Quickly, I went to the door and stepped out of the classroom. When I left I could hear cheers of jubilation from inside as if they had just toppled some vicious dictator. Their freedom chant, ‘POOH,’ carried on. I tried to compose myself, and took several deep, deliberate breaths. It would have made sense to go get one of the Korean administrators but I was too proud to think that I couldn’t handle the situation myself. I was clearly in denial.
When faced with tragedy – illness, addiction, etc. – psychiatrists say people are likely to endure five different stages of grief. My own vociferous tragedy remained just several feet away on the other side of a wooden door. In the empty hallway I calmly breathed my way through the first stage of denial. As I began to regain my composure more resentful thoughts crossed my mind. You are the authority figure, and these kids are clearly not showing you any respect. How could they treat you like this? They don’t do this with the other Korean teachers. I abruptly moved on to stage two – ANGER.
Moments later I walked back into the classroom and shut the door behind me. As I entered the little monsters raised the volume of their chant. Perhaps they wanted me to crack. At this point I was livid and an empty desk next to me took the brunt of my fury. I grabbed the desk with one hand and flipped it over. It crashed onto the floor with a loud thud. The noise diminished, as well as my chances of winning that self-nomination as Educator of the Year.
“QUIET!” I screamed at the top of my lungs. The room was silent. All the kids stared at me with alarming eyes, their jaws dropped. I had seized control once again.
“NOBODY…SAY…A WORD!” I held my index finger to my mouth indicating I wanted silence. I don’t know if they understood, but intonation and gestures go a long way, especially when conveying anger.
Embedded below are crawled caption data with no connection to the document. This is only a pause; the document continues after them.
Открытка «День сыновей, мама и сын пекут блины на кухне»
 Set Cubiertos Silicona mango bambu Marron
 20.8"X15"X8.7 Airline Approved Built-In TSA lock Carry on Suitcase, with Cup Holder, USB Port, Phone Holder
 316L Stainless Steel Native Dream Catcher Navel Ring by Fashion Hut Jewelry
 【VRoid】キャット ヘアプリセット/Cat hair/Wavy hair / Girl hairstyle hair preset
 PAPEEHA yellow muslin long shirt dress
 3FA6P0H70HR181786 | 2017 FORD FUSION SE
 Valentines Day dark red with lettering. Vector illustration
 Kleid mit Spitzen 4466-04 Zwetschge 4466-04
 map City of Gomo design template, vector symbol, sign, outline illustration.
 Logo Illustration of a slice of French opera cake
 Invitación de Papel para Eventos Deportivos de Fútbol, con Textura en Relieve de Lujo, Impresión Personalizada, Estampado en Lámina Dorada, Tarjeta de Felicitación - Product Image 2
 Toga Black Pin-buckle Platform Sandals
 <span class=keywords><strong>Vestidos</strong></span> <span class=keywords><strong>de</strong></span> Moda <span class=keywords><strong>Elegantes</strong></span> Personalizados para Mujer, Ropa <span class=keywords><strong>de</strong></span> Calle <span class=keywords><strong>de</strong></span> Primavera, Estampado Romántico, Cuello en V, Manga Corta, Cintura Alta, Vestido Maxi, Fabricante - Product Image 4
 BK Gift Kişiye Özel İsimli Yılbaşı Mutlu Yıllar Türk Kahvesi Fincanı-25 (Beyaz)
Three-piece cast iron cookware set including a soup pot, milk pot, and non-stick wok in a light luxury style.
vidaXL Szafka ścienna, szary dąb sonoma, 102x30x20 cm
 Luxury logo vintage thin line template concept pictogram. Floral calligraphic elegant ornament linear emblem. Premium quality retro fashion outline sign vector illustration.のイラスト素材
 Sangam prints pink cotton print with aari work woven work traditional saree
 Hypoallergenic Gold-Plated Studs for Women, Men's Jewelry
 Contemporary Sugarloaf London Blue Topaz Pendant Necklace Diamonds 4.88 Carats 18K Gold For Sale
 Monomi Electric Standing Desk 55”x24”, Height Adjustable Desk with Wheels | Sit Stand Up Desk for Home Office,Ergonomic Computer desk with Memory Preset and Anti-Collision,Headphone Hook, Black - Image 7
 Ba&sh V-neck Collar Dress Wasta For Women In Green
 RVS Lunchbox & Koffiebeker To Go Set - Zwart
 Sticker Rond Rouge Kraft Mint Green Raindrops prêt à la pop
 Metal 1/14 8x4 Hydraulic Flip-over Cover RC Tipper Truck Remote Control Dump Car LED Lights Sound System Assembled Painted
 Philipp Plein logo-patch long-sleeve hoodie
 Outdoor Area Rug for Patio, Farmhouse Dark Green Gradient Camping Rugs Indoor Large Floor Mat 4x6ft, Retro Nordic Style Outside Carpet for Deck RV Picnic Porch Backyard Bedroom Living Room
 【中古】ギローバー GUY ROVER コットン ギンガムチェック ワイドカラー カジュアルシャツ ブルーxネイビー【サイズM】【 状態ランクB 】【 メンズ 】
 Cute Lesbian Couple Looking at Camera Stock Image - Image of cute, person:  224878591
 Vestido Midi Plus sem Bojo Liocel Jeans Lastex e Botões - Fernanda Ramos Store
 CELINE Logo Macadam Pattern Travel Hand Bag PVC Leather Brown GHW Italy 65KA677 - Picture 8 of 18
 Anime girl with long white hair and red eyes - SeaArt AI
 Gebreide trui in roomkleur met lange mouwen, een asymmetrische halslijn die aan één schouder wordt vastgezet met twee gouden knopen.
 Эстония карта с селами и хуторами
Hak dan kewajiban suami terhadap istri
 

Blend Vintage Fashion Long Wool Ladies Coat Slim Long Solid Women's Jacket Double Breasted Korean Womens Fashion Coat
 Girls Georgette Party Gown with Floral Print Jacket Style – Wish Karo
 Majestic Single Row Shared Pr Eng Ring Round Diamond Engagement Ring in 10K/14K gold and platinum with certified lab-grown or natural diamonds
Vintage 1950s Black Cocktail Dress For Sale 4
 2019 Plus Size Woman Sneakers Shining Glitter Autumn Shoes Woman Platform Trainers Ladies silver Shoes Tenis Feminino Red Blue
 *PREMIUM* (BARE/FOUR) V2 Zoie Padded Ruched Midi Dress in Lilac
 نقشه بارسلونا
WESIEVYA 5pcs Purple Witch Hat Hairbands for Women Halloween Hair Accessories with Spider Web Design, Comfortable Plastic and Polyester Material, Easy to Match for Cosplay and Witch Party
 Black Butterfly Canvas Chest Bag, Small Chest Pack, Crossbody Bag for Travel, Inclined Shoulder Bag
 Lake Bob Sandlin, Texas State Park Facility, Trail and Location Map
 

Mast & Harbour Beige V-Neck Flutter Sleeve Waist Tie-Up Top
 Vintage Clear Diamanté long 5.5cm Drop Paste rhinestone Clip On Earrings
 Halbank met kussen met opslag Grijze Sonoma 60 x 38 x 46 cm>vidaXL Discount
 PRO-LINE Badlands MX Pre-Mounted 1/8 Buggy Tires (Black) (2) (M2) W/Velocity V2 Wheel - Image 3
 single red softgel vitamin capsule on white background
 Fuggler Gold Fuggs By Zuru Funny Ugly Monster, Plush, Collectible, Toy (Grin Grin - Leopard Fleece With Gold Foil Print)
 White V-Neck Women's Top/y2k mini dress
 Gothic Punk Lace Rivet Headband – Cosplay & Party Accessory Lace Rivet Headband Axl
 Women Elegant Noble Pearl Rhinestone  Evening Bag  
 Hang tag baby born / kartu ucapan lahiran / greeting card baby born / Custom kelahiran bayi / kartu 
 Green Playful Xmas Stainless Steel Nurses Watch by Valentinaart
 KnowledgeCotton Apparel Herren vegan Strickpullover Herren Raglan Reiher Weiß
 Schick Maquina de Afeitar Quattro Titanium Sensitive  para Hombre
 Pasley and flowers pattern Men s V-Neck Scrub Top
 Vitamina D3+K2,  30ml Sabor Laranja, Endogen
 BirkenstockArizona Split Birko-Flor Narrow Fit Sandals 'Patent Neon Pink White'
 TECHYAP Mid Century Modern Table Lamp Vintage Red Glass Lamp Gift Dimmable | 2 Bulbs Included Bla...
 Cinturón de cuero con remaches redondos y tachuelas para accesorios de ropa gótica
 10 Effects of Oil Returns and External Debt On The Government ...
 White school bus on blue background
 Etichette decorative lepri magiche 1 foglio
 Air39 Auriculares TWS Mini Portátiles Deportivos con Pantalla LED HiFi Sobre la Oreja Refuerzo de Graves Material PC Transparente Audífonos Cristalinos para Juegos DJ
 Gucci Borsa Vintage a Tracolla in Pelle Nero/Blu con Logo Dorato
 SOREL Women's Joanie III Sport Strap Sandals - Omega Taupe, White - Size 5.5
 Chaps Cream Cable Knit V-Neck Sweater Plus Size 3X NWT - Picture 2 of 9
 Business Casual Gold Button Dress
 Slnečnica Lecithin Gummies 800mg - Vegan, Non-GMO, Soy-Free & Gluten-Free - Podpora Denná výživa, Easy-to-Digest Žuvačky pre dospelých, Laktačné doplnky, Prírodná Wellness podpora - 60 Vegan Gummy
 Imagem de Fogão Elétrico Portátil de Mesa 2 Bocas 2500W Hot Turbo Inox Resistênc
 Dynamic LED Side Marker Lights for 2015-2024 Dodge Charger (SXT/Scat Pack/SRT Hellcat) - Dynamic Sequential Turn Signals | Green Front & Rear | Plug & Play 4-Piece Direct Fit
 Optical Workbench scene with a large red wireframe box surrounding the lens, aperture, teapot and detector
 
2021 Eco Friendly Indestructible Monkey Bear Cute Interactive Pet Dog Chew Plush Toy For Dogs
Corporal punishment is illegal in the Korean education system, even though you still hear about isolated incidences. Of course it was strictly forbidden at the academy and hitting the kids was the furthest thing from my mind. Yet after the desk got thrown onto its side, the kids probably wondered where I was heading with this reaction. Frankly, I didn’t know either. There was no phase two of this plan. I had acted impulsively and now I needed to think of something fast. Suddenly, I had an idea. I walked over the board and wrote:
I will always respect my teacher.
I turned back to the kids and snapped, “WRITE IT!” Slowly, they began to take out a piece of paper. Some began writing immediately while a few boys looked at one another to see if their friend would comply. Dynomite hesitantly raised his hand. “WHAT?” I said and glared at him intently.
“Teacha, how many write?” he asked.
“Write!” I exclaimed and pointed to the board. Everyone started jotting away. I stood at the front of the classroom with my hands behind my back counting down the minutes. The silence that now engulfed the room was serene.
As the minutes ticked away my anger subsided, and I thought of ways in which the class might end. Should we leave angry at each other? What should you tell them? Will they even understand? With only a couple minutes left in class I told the kids to put their pencils down so I could explain my position.
“Look, guys. All I want is for you to learn something while you’re here.” By the look on their faces this clearly didn’t register. I continued anyway, “That’s why your parents pay for these lessons. I want to have fun in class, I really do. But there’s a difference between having fun and being out of control.” Still – nothing. These kids had a basic level of English and clearly couldn’t follow my speech. Suddenly, and without knowing, I found myself in the third stage of bargaining.
“I tell you what, next class if you WORK HARD and BEHAVE,” I made sure to emphasize those words, “I’ll bring some CANDY.” Finally, I hit on a word they understood and their interest perked. I don’t know where such an offer came from. It just spilled out of my mouth. Surely, incentive-based bad behavior wasn’t an effective method of classroom management. Sometimes teachers may offer rewards on the merit of good behavior, but I was essentially trying to buy them off. I knew it was a mistake, but the offer was already on the table. I had to purchase some candy.
I progressed through the last two stages of grief at a slower pace. After I bargained terribly with the kids, I felt a bit depressed. Thus far, the kids were able to run all over me. How could I possibly be an educator if nobody would listen to me? I was also disappointed in the way I handled the situation. Throwing the desk was unnecessary, since maintaining order shouldn’t entail hurling heavy objects across the room. Each day I was learning a little more about the do’s and don’ts of teaching. I just thought I wasn’t learning quickly enough. In many ways I was an ineffectual teacher. It made me realize that being just a teacher is not that difficult. But being an effective teacher is extremely difficult.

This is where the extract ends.